Whether national politics were ever really open and honest is a debatable point, of course. Before we went to a primary system, the old method of choosing presidential nominees at big, messy national conventions was often accused of being corrupt and undemocratic. Deals were made in smoke-filled rooms and, voila , here’s your ticket. But we got some pretty good presidents out of those smoke-filled rooms. I’m old enough to remember watching those conventions on television, and in retrospect they seem more honest and transparent than what we’ve got now.

Bruenig writes (as I have written in the past) that we may never know if the Russians really did change the outcome of the election. And we still don’t know if Donald Trump was conciously aware of and complicit in the Russian interference. But those are secondary considerations.

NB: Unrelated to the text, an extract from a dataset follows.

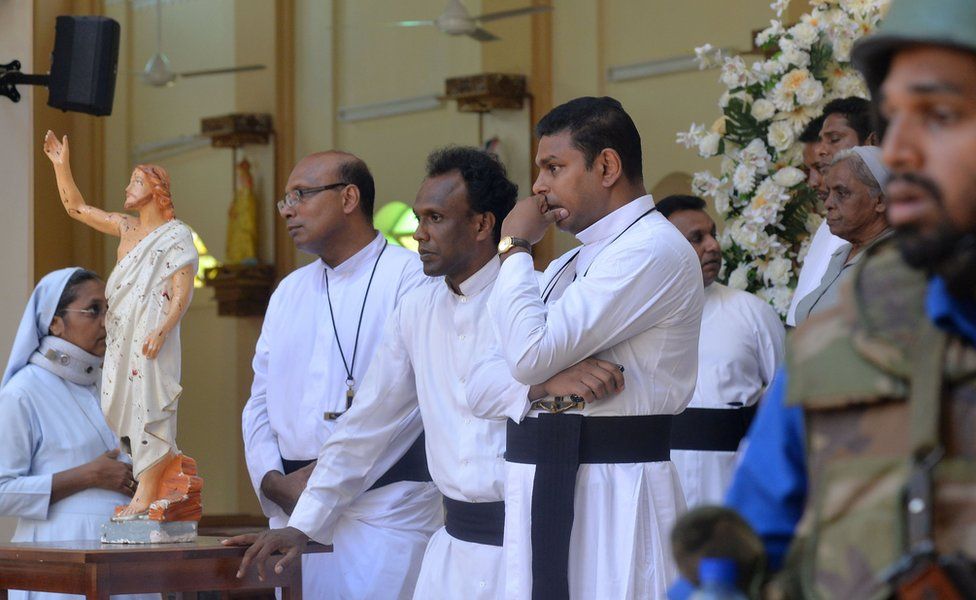 Catholic priests stand inside the church after a bomb blast in Negombo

The primary things are these: It just wasn’t that hard for a foreign power to tinker with our deliberative democratic process, which suggests that it just isn’t that hard, full stop, for anyone to tinker with our deliberative democratic process. And if Trump’s campaign played along, those who benefited when he won don’t really seem to mind. Republicans will issue all sorts of official-sounding tweets and news releases decrying the subversion of America’s hallowed institutions, but they’ve got their tax cuts and Supreme Court seats, and they’re not going to initiate impeachment proceedings or primary Trump come 2020. A neutral observer couldn’t be blamed for concluding that the rich and powerful people who contend for control of the country don’t much care how public offices wind up in their hands, so long as they do.

Donald Trump is an abomination. He’s a walking moral cesspool. He is clearly unfit for office. He’s safe, for now, because the elites find him useful. Because he is also a moron he probably doesn’t realize he’s just a tool. But he is.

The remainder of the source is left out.